Tencent inches ever closer to Chinese state with WeChat
Listen up, Naspers investors ... this is going to be big
There was a surprisingly muted response to news that Tencent was in discussions with the Chinese government about plans to link exit-entry permits for travelling between mainland China and Hong Kong and Macau to an individual’s WeChat account. (WeChat is a Tencent application.)
The Tencent share price ticked up for a few days but then settled back to around the HK$420 level where it seems to have got stuck in recent months. (JSE-listed Naspers has a 31% stake in Tencent.)The discussions highlight the Chinese government’s commitment to driving technology into as many spheres of public life as possible. It also highlights the close relationship that has inevitably grown between the government and the country’s leading technology companies – and none more so than Tencent. The group’s chairman Ma Huateng is a senior figure in the Chinese Communist Party.

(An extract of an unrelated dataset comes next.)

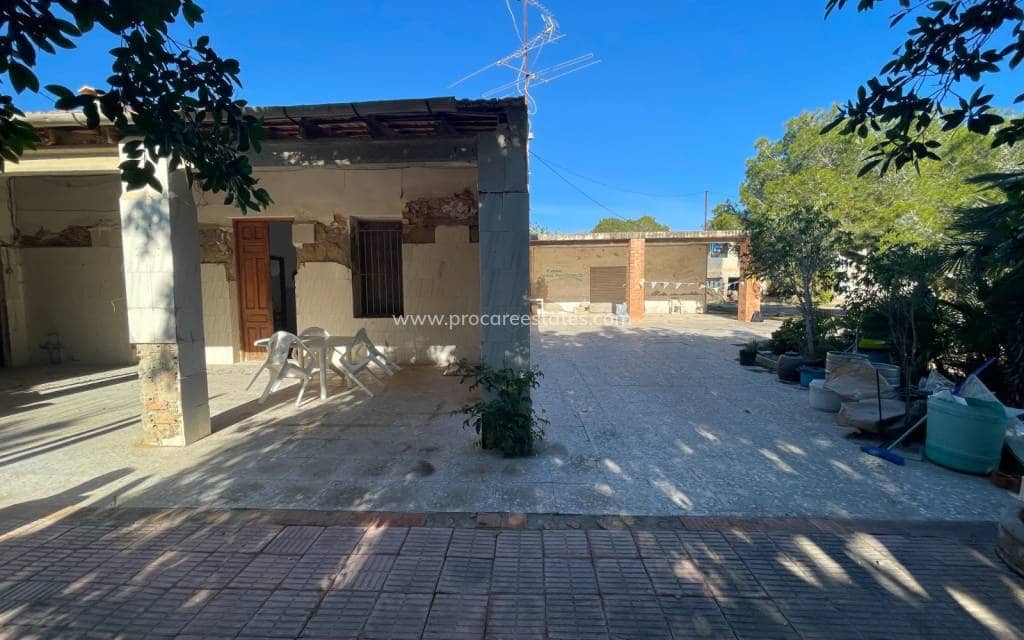 6 slaapkamer Finca/Landhuis te koop in Elche / Elx met zwembad - € 280.000 (Ref: 9503057)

The hope is that the WeChat app would make travel a little easier. Not everyone is delighted about the plan, particularly those in Hong Kong and Macau who take their legal separation from China very seriously.
WeChat is also working to develop a function similar to the Chinese Resident Identity cards, which are necessary for such things as checking into hotels and opening bank accounts. The WeChat electronic ID is already being tested in pilot programmes around the country.

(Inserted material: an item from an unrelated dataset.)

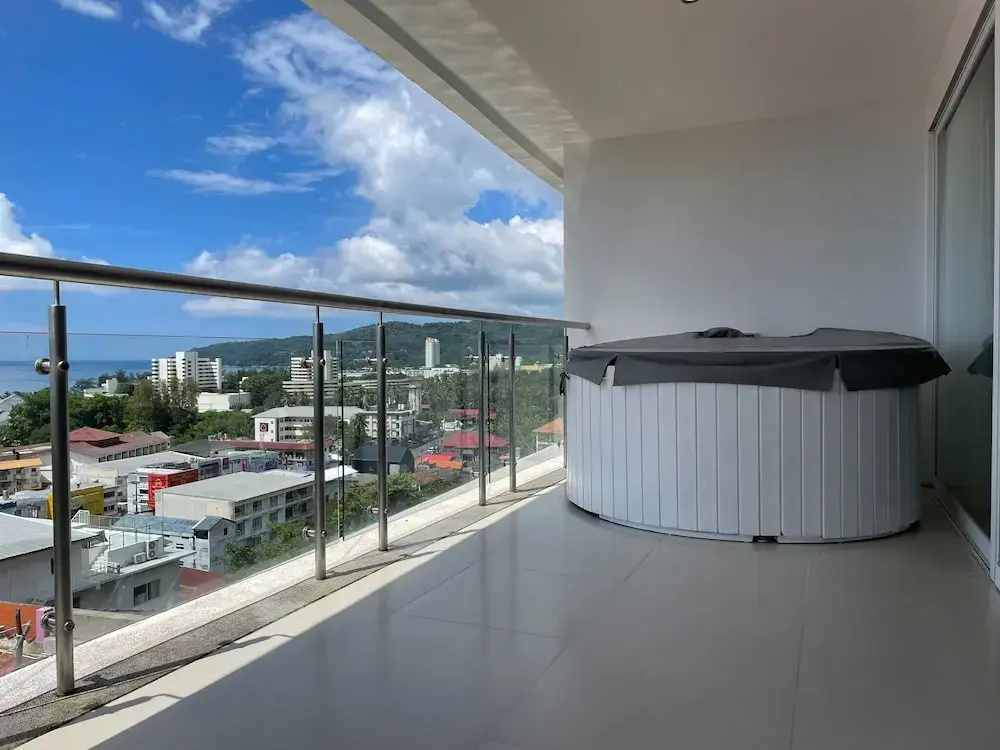 A26 - 2 Bdr Condo, Stunning Sea View, Karon Beach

Of course the much bigger picture is China’s social credit system, which is expected to be up and running by 2020. The system intends assigning a “social credit” rating to all of its 1.4 billion citizens and all businesses that operate in China based on social and economic data generated by government and private sector big data companies such as Tencent and Alibaba. But as much as it stands to generate huge business opportunities for Tencent, involvement in the system could create some investor concerns.